Pior destino tiveram catorze sub-saarianos que desapareceram engolidos pelo mar, a poucos kilómetros daqui, em Motril. A notícia da tragédia, mais uma, chega ao quiosque quando o tráfico de vendedores imigrantes é maior. Eles ainda não sabem. Mas quando acabem exaustos seu longo dia de trabalho, depois de horas e horas andando na areia sob este sol de justiça, com certeza vão comentar com o grupo.

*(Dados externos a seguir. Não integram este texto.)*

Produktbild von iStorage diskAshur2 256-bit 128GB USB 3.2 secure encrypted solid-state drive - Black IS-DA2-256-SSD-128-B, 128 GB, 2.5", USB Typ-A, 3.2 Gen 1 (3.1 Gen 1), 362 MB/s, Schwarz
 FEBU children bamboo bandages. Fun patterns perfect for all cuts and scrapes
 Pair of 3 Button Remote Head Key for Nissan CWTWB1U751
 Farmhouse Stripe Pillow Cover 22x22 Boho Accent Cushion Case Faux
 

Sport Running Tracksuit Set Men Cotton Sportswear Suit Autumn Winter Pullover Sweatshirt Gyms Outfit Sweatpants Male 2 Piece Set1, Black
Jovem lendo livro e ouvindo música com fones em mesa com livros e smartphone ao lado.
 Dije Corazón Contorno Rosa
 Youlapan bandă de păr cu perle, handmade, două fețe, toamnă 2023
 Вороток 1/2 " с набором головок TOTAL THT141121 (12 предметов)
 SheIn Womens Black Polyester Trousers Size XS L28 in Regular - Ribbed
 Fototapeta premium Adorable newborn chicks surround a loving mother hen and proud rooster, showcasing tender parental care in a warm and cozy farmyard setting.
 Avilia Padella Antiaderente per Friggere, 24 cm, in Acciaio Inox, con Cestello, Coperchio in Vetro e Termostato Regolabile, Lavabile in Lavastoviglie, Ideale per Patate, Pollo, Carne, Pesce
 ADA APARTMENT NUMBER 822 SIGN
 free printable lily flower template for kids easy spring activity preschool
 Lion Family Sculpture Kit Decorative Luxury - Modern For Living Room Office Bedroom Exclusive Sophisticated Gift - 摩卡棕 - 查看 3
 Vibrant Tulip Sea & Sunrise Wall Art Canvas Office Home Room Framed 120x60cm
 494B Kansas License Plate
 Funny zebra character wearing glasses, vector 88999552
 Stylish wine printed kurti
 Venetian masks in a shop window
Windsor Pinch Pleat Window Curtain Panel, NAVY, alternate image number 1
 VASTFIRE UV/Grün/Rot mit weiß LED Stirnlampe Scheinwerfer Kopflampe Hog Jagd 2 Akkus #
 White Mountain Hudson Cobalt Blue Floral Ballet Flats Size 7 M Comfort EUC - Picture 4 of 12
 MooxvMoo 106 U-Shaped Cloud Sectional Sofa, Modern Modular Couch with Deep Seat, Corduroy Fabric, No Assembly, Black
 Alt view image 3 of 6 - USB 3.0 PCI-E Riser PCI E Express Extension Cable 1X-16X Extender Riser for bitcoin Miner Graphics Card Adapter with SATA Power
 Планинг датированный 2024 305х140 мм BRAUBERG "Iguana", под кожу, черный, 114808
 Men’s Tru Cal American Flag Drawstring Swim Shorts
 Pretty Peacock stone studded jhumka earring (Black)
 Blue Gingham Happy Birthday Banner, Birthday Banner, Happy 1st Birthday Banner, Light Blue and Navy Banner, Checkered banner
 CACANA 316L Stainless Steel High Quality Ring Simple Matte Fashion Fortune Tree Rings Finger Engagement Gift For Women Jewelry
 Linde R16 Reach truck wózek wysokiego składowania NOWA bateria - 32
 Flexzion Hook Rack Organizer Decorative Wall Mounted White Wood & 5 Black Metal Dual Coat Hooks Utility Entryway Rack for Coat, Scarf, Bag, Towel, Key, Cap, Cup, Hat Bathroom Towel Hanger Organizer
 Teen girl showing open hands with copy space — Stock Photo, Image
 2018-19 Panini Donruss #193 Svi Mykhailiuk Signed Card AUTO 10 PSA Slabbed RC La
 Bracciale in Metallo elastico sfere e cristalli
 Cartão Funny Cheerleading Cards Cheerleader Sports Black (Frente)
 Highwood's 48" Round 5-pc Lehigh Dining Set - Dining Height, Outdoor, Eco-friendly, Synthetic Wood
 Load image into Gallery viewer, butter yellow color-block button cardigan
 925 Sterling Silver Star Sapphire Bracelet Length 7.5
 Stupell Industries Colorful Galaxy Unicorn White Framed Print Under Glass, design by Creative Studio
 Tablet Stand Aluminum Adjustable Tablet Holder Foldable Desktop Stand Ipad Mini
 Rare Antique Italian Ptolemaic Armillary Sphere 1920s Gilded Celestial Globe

Alguém perguntará: Valeu a pena?
Faz uns dias, embarquei em Algeciras, no euroferry Atlántica, com destino a Tânger. O barco apenas leva passageiros. A Operação Estreito está chegando. Encostado na grade da coberta da popa, vejo afastar-se a orla espanhola. Tarifa, Algeciras, o Rochedo, vão ficando desbotados pela neblina. Penso nos milhões de africanos que tentam atravessar o Estreito. Contra o que disse o inefável Maior Oreja, não chegam na Europa pelo efeito chamada. Prefiro, porque é mais exata, a definição de outro ministro do Interior, Pérez Rubalcaba: eles chegam pelo efeito fugida. Eles fogem da fome e da violência dos seus povos.
Como não fugiriam? O 41% da população africana vive com menos de um euro por dia. Seus filhos morrem em uma proporção dez, doze, catorze vezes maior do que na Europa: 168 crianças em cada 1.000, falecem na África sub-saariana antes de fazer cinco anos. A tragédia de Motril levou a vida de 14 pessoas: nove homens, quatro mulheres e uma criança. Um dos 23 sobrevivente, um negro forte, chora arrasado e conta aos voluntários da Cruz Vermelha que perdeu no naufrágio sua esposa, seu filho e um irmão. Mas este homem negro devía estar tão desesperado que, ainda sabendo o perigo que corria, se lançou pro mar com a sua família, tudo o que ele tinha, em uma frágil barca neumática.
Pensava achar aqui o paraíso. Mas lhe esperam notícias ruins: a crise econômica também castiga Europa, a Espanha, a Andaluzia. Ontem mesmo, sabiamos que os 7.000 trabalhadores precários imigrantes que encontraram labuta na colheita da azeitona no ano passado em Jaén, vão ficar esse ano na décima parte, só 700. Os parados (desempregados) espanhóis que antes rejeitavam essa dura tarefa, vão ter que aceitar agora. As hipotecas pesam demais. A construção está um desastre.
E o pior ainda está por vir. Mais de quatro milhões de imigrantes na Espanha, deles 526.942 na Andaluzia, serão os que mais vão sofrer a crise.
Na privilegiada varanda natural do mítico Café Hafa de Tânger, dúzias de garotos sentam no fim da tarde com os olhos cravados no horizonte. Lá, nesses contornos de rochas, começa a Europa. E eles sonham com atravessar o Estreito.Para que? Para vender DVD pirata e relogios nos quiosques como o de Papa O?
Morrer no Estreito, de Román Orozco
Versão para o português de Juan Trasmonte
Na madrugada de hoje, depois de navegar cinco dias à deriva, naufragou uma embarcação com africanos imigrantes que tentavam chegar à Europa pelo Estreito de Gibraltar.
Eu tinha a intenção de escrever sobre isso, mas achei essa excelente crônica de Román Orozco no jornal espanhol El País e resolvi traduzi-la. Os mortos já são quinze, mais um do que quando foi publicada a matéria na manhã de hoje, segundo o fuso horário europeu. São seis adultos e nove bebês. Eles vêm aumentar a soma de catorze que tinham morrido na segunda-feira, num outro naufrágio perto de Granada.
O texto de Orozco vai um pouco mais além, porque a velha Europa está em crise, mas fundamentamente porque todos os dias morrem imigrantes ao mesmo tempo em que as leis da comunidade endurecem.
Román Orozco é jornalista e escritor espanhol. Foi diretor do Cambio 16 e correspondente cinco anos na América Latina. Escreveu vários livros sobre Cuba, entre eles Cuba Santa, e atualmente é editor do El País para Andaluzia.